How The United States can mend its societal wounds in this unprecedented time

By guest author Pooja Bachani Di Giovanna 
October 9, 2020

There is no denying that 2020 has turned out to be a challenging year. Pandemic aside, the political climate has hampered everything from family unity to community engagement. 

Nonetheless, this year, nearly everyone’s life became virtual overnight and it seems we are staying in this holding pattern for the foreseeable future. During this time we have been working from home, attending zoom meetings, consuming copious amounts of sourdough, but silently, a space has opened up for creative solutions to several social issues that existed pre-pandemic. 

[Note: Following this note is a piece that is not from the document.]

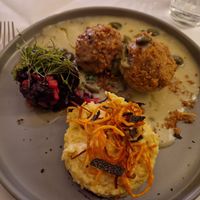 Königsberger Klöpse at Place to V in Lenzen Elbe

I grew up in a time where the library was the epicenter of my family’s after school/work life. I went to the library almost every day after school and would see all of my friends there. Similarly, my family would spend a considerable amount of time there. Needless to say, changes in technology have changed the role of the library in our communities, and libraries have sometimes struggled to define their role in a digital age. The truth of that was all the more apparent when the pandemic started for most libraries. 

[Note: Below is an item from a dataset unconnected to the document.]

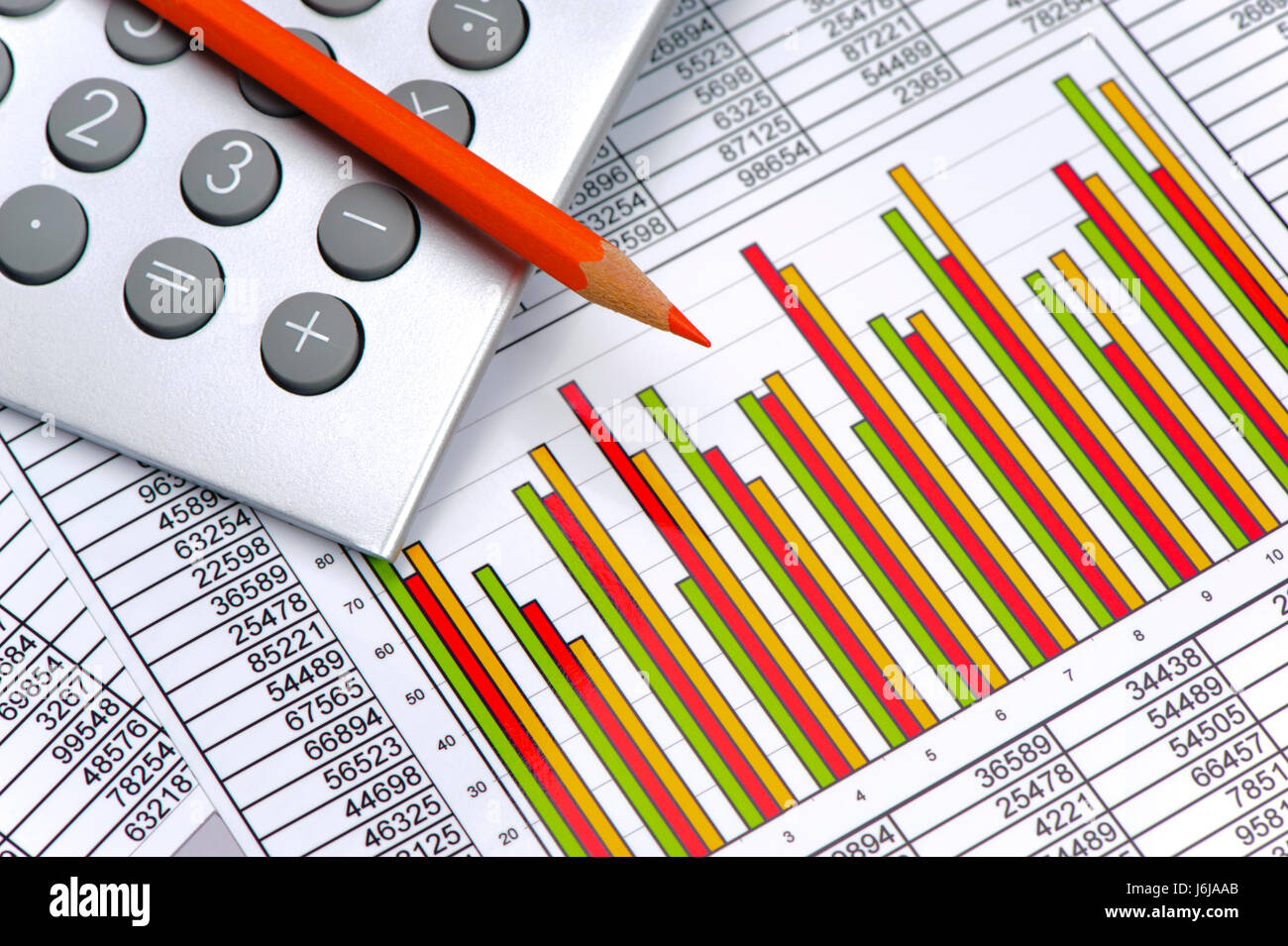 Financial grafico e tabella foglio con la calcolatrice mostra il successo di mercato di exchange Foto Stock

The West Linn Public Library in Oregon has been an exception to the rule. Library Director Doug Erickson used the pandemic as an opportunity to develop community connections. In a webinar with the Davenport Institute and Emerging Local Government Leaders, Erickson shared how his team made that happen. “We went from being considered a library that was innovative to a small movie studio, and eventually into a drive-thru curbside—like fast food, only its books and materials.” The pandemic opened up space for creative ideas like virtual cooking sessions with local police officers and interactive book readings with dogs.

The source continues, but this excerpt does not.